- [Information given]:
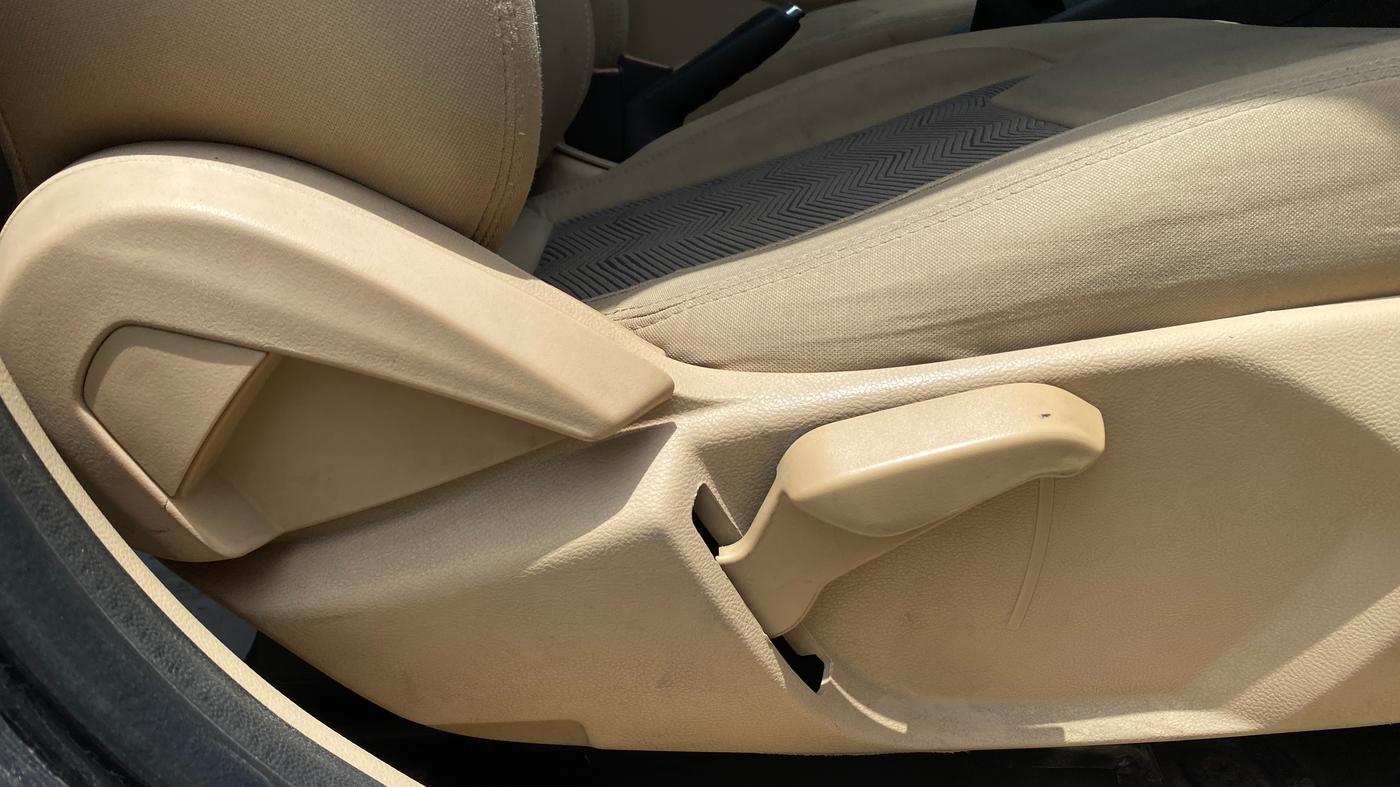 2019 Ford Figo Aspire TREND 1.2 PETROL, Petrol, Manual, 47,954 km, Driver Side Adjustment Panel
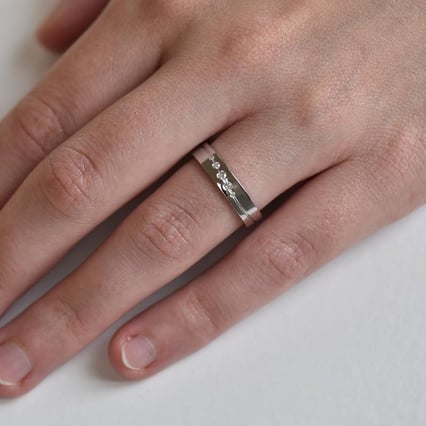 Zlaté svadobné obrúčky s diamantmi Redby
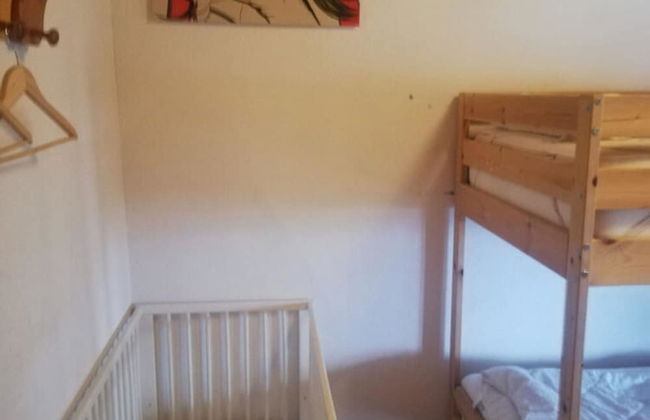 Stunning Apartment in Heart of Valley - Photo 2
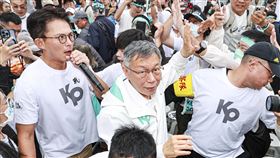 民眾黨凱道集會　支持者簇擁柯文哲離場（2）台灣民眾黨29日在凱達格蘭大道舉行「戰！329上凱道討公道」集會活動，民眾黨前主席柯文哲（中）、黨主席黃國昌（左）一同在支持者簇擁下離場。中央社記者鄭清元攝　115年3月29日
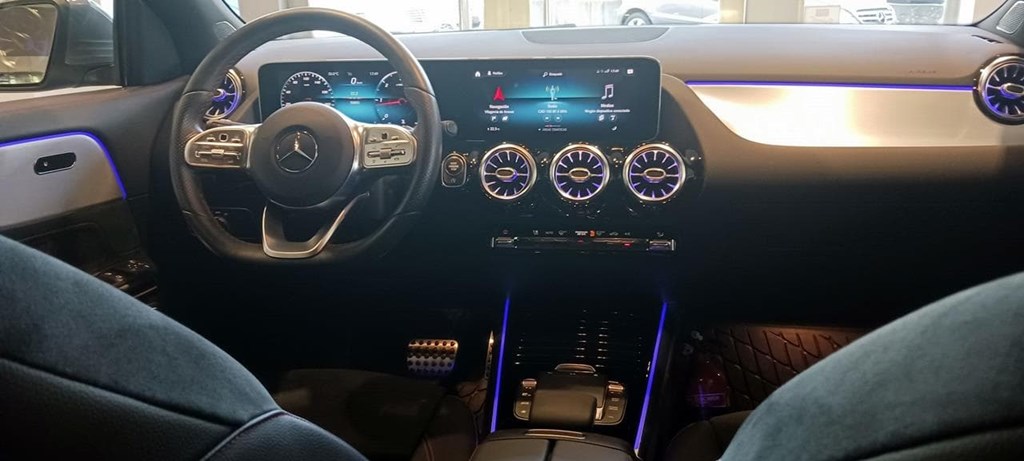 Foto 22 Mercedes GLA 200 d AMG 8G-DCT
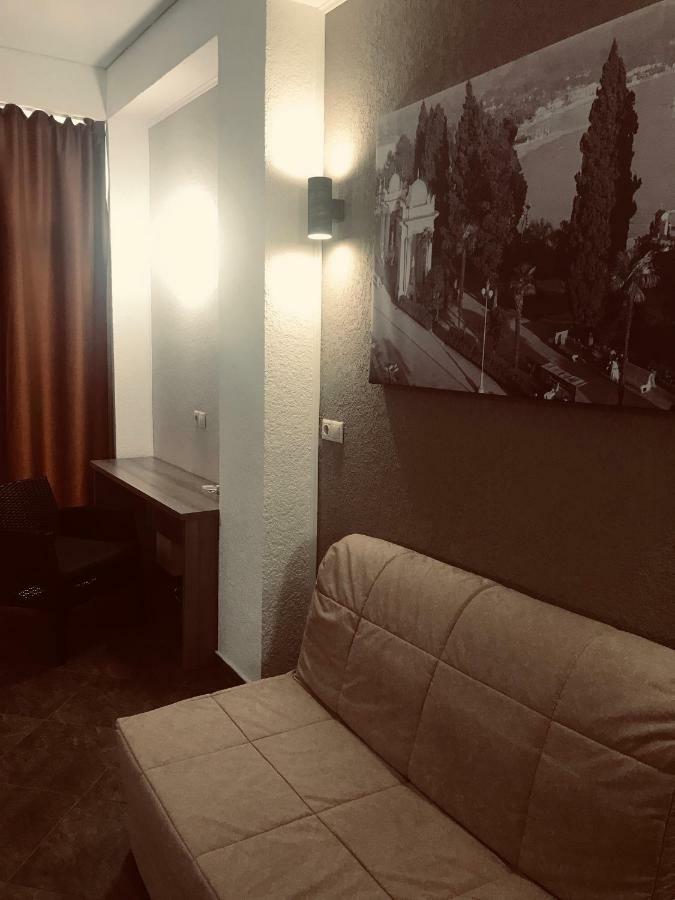 Hotel Bereg Evkaliptov Tsandrypsj Buitenkant foto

- [Activity]:
The output should be the lines from the one with "Zlaté svadobné obrúčky s diamantmi Redby" through the end of the material above, both ends included, printed exactly and nothing else. Drop the pictures.

- [Written reply]:
 Zlaté svadobné obrúčky s diamantmi Redby
 Stunning Apartment in Heart of Valley - Photo 2
 民眾黨凱道集會　支持者簇擁柯文哲離場（2）台灣民眾黨29日在凱達格蘭大道舉行「戰！329上凱道討公道」集會活動，民眾黨前主席柯文哲（中）、黨主席黃國昌（左）一同在支持者簇擁下離場。中央社記者鄭清元攝　115年3月29日
 Foto 22 Mercedes GLA 200 d AMG 8G-DCT
 Hotel Bereg Evkaliptov Tsandrypsj Buitenkant foto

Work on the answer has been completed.